I read feminist authors–Carol Gilligan, Catharine MacKinnon and others–in my gender-based discrimination class in law school. Afterward, the professor asked us to raise our hands according to whether we were radical, liberal or cultural feminists, or not sure which kind of feminist. I did not raise my hand at all. The popular professor’s classroom was packed, so nobody noticed my abstention. That disappointed me. I would have liked to explain why I refused the label.
I had, after all, chosen to take an elective class called gender-based discrimination. Had I thought the subject was unimportant, or a bugbear invented by people unwilling to take responsibility for their individual shortcomings, I could have picked a different elective. The Law of Insolvency or Advanced Estate Planning would have apolitically given me the units I needed to graduate.
But I never was the apolitical type.
I believed then, and still believe, that discrimination based on immutable characteristics, including gender, is real. My husband represents people who’ve been fired, demoted, harassed or overlooked for career advancement due to gender, race, disability and age. As I tell our son, his dad is a civil rights hero. My beloved stepdaughter, who is biracial, has been called charming names like “rag head” and “terrorist” to her face in Oklahoma. Famous women in all walks of life–politics, business, journalism, film, music–are constantly critiqued on their clothes, hairstyles and figures while the appearance of men outside the entertainment industry usually passes unremarked.
I learned then, and still believe, that privilege based on immutable characteristics is likewise real. My favorite extreme example of privilege–that is, born on third base thinking he hit a triple–is that former occupant of 1600 Pennsylvania Avenue, George W. Bush. White, male, heterosexual, cisgender, wealthy, grandson of a U.S. senator and son of a U.S. president, without any discernible physical or mental impairments (general dim-bulbedness doesn’t count as a handicap in American public life, but that’s a subject for another day), George doesn’t need affirmative action or the protection of anti-discrimination laws. He’s got a legacy membership in every club where power resides.

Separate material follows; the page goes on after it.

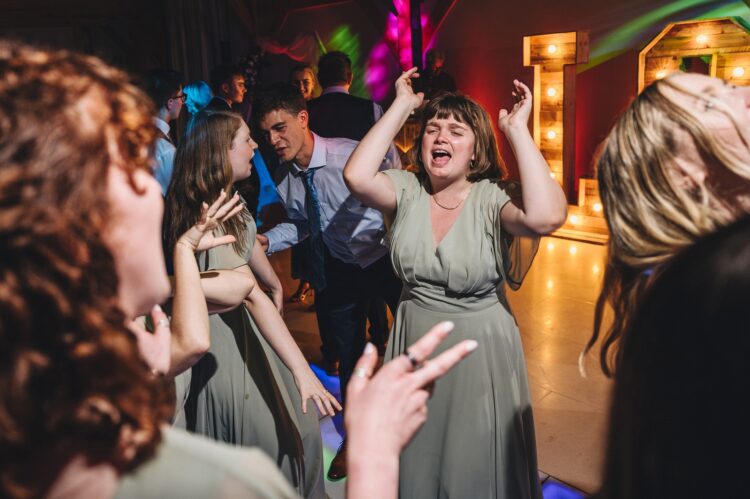 wedding guests dancing at Redhouse barn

I’m not some deluded “individualist” who thinks we live in a color-blind, gender-blind world and we all sink or swim strictly on our own merits. I am grateful that women who went before me and put up with all manner of sexist crap opened doors so I could sit at the table with the guys in the law firm and catch flies with honey instead of vinegar. But I’m still not comfortable with the label “feminist.”
First, there are things about feminism that I disagree with or find embarrassing: women who are stridently anti-male, who posit that female qualities are better than male qualities, who try to dictate everything a “feminist” should believe, who suggest women are the only victims of gender stereotypes, who blame sexism and patriarchy for everything bad that happens to women, or who are so intent on subverting stereotypes that they become rude or ridiculous. I would never give a man of a certain age who holds a door open for me a lecture on patriarchy, though I know a feminist who did while on a job interview. He hired someone else with a better sense of time and place. I would never insist on changing the oil on the car while my husband cooks dinner when he likes to work on cars and I’m a good cook, though I know a feminist who did. She and her husband ate out that night while the car was towed to the shop.

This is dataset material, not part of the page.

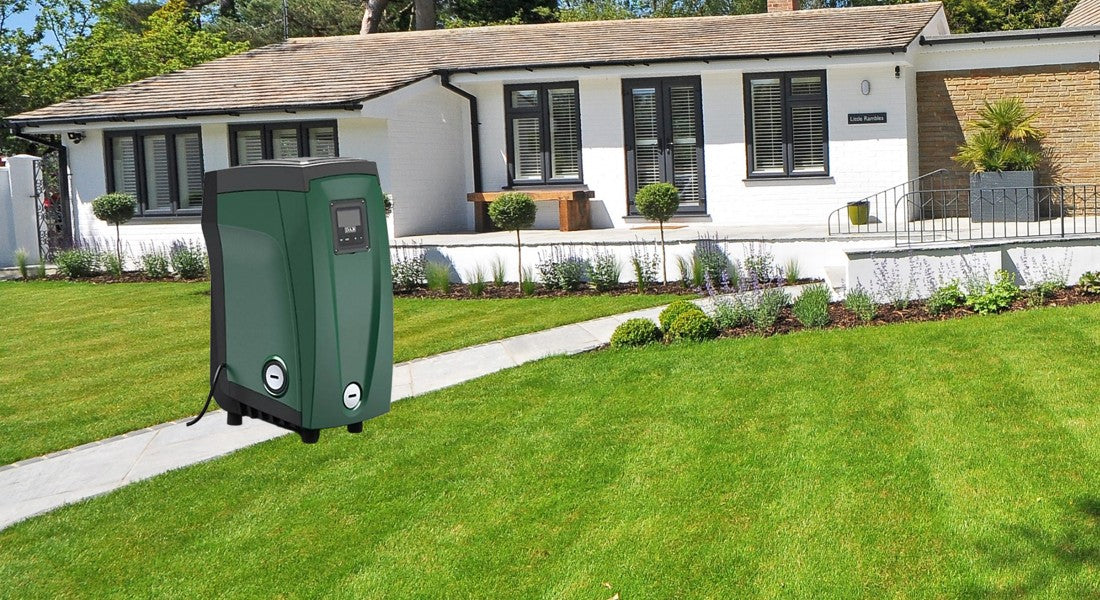 DAB E.SYBox pump in front of house with green lawn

But for me, the main thing is the word thing. I know that the dictionary definition of “feminism” talks about political, economic and social equality and is not per se pro-female at the cost of being anti-male. Some will say I’m not being fair to what feminism is really about. But as a cisgendered heterosexual middle-class female of European descent, I feel no more comfortable calling myself “feminist” than I would calling myself “whitist” or “middleclassist” or “straightist.” It’s like I’d be putting myself in a semantic club that excludes approximately half the population based on an immutable characteristic.

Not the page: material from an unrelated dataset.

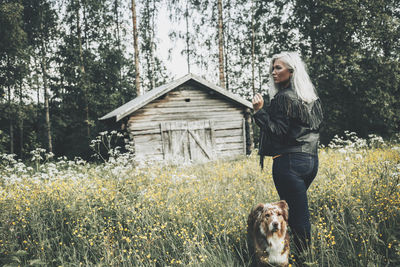 Woman with dog on street amidst trees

Here’s what I want: Until the birth-privilege clubs dissolve, I want laws that hold the doors open and the ladders in place for outsiders. I want people of all genders and races and abilities to be able to move through the world being their honest selves, following whatever passions and professions their spirits dictate, respected and treasured for their unique humanity and free of the constraints of stereotypes. I want work to stop being a contest for who can put in the most hours and affirmatively create, rather than just give lip service to, work-life balance for all employees with and without children. I want people to be courteous in offering help and comfort to friends and strangers, whether giving a pregnant woman a seat on the bus or opening a door for a man who has both hands full. I want people to whom help is offered to accept or decline graciously, recognizing the kind intention. I want people to honor whatever choices other people make for their own lives as long as they don’t harm others. I want everyone’s children to be educated, compassionate, mentally and physically healthy, accepting of people who come from different places than themselves, and following their own stars wherever they may lead. And I want everyone to put the seat and lid down after they use the toilet so my dog won’t drink out of the bowl. What would you call me?